- Opening Delimiter -

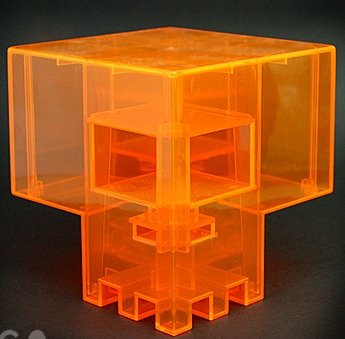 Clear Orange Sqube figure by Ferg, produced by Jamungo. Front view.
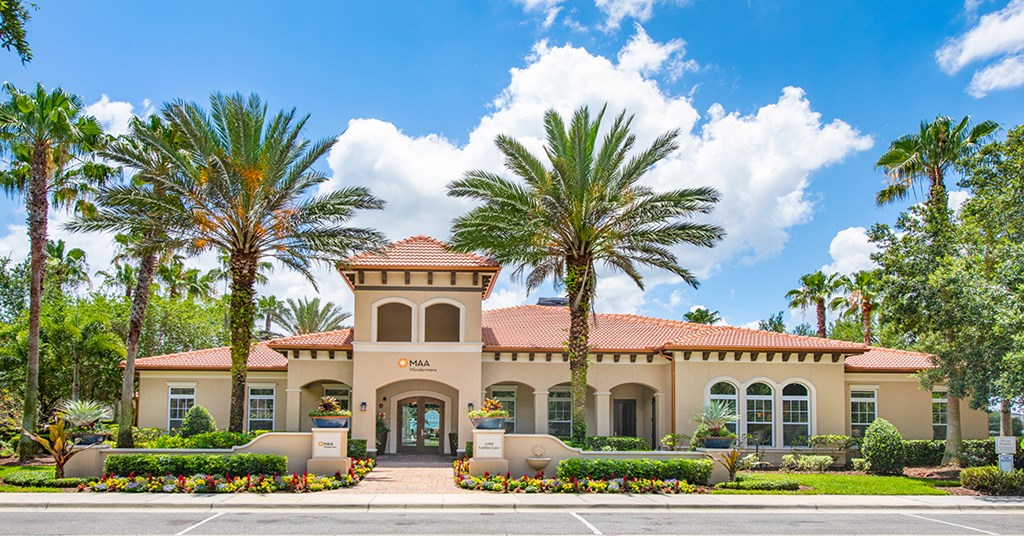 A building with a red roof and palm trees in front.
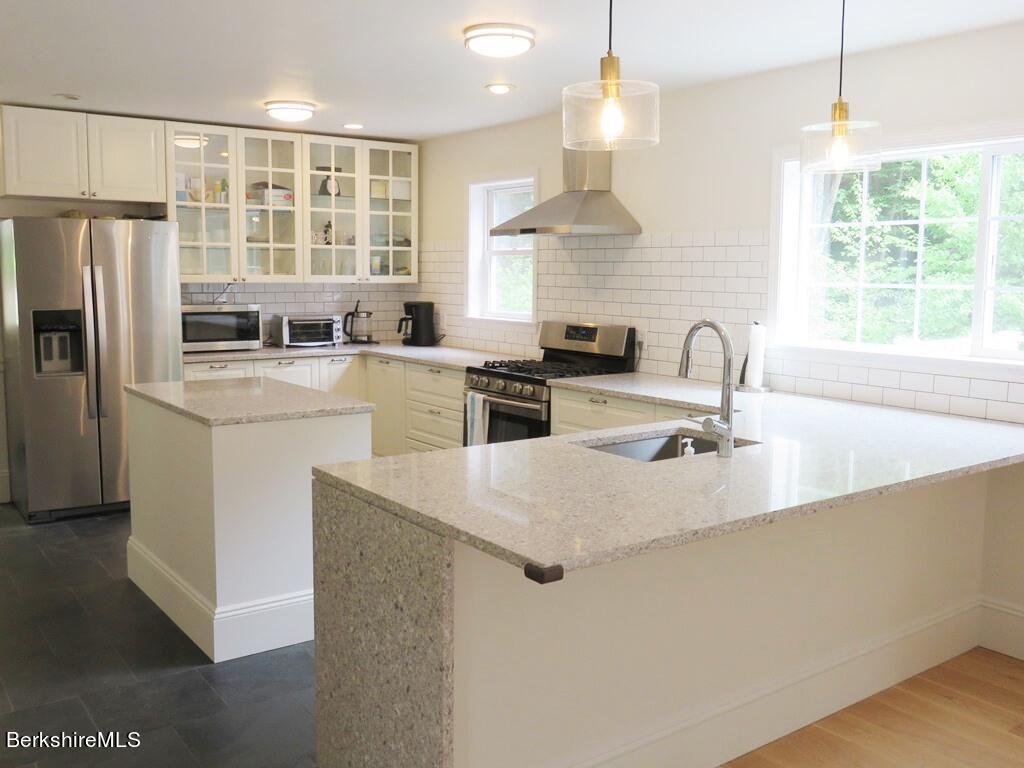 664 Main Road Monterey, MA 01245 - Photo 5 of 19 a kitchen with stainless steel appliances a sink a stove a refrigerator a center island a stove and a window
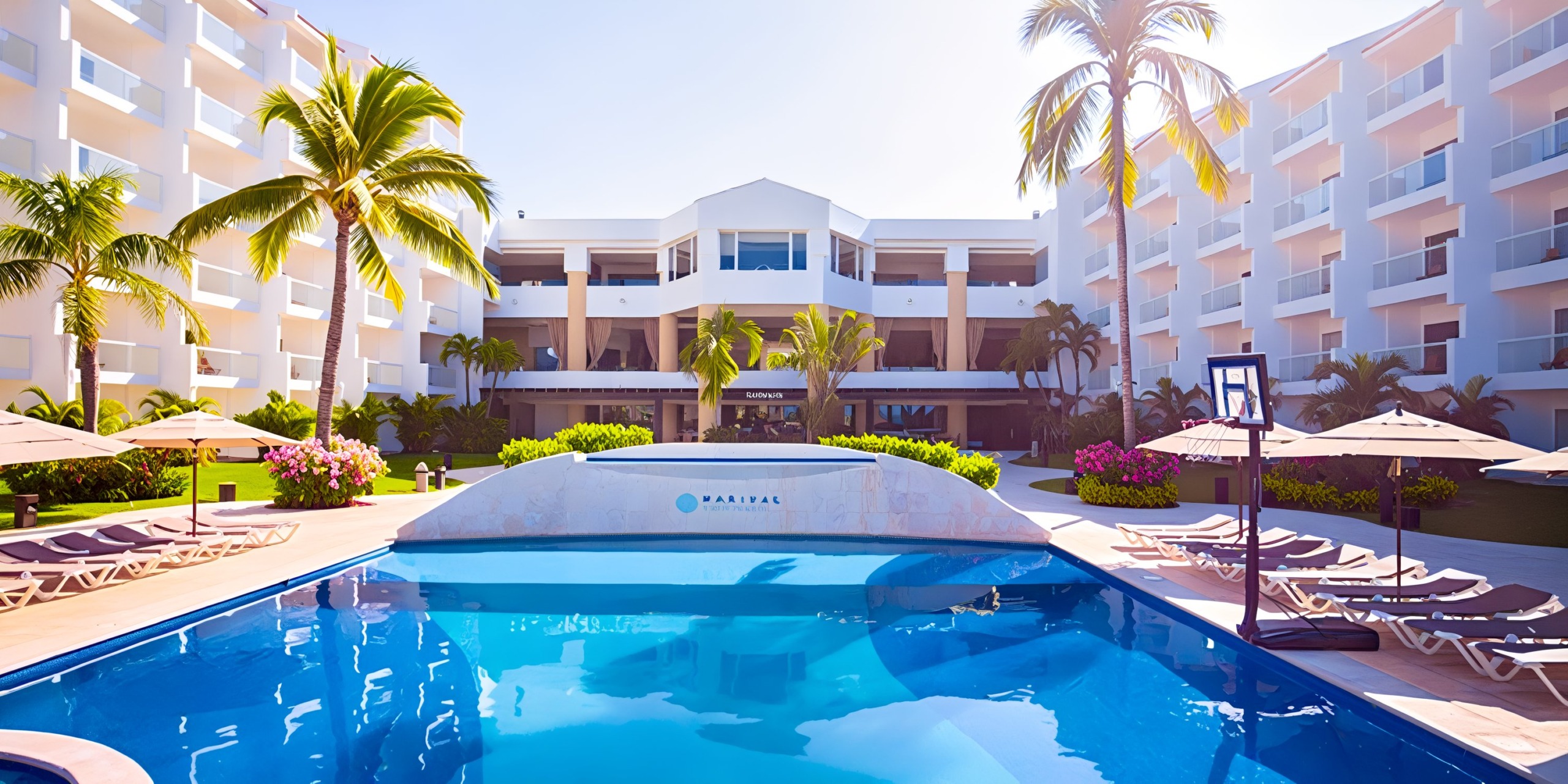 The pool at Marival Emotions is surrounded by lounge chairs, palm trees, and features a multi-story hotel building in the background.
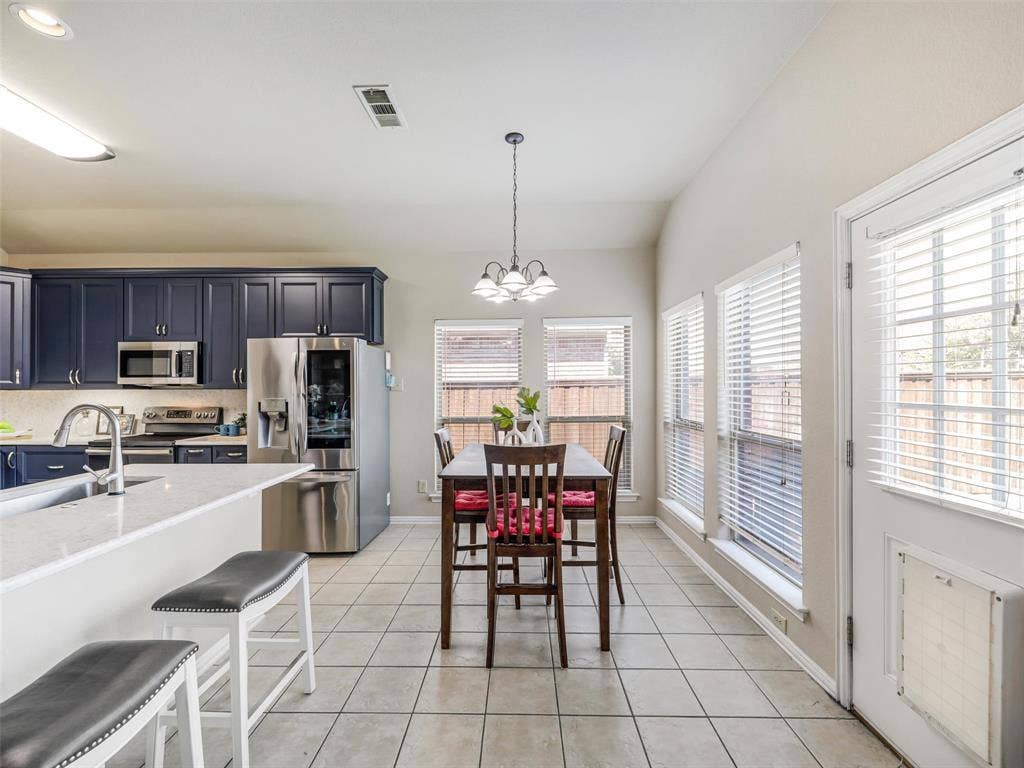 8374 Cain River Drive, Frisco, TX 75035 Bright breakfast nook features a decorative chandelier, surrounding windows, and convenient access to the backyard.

- Closing Delimiter -

* _Required action_: All of the material above is to be retyped verbatim, with its pictures omitted.

* _Answer_:
 Clear Orange Sqube figure by Ferg, produced by Jamungo. Front view.
 A building with a red roof and palm trees in front.
 664 Main Road Monterey, MA 01245 - Photo 5 of 19 a kitchen with stainless steel appliances a sink a stove a refrigerator a center island a stove and a window
 The pool at Marival Emotions is surrounded by lounge chairs, palm trees, and features a multi-story hotel building in the background.
 8374 Cain River Drive, Frisco, TX 75035 Bright breakfast nook features a decorative chandelier, surrounding windows, and convenient access to the backyard.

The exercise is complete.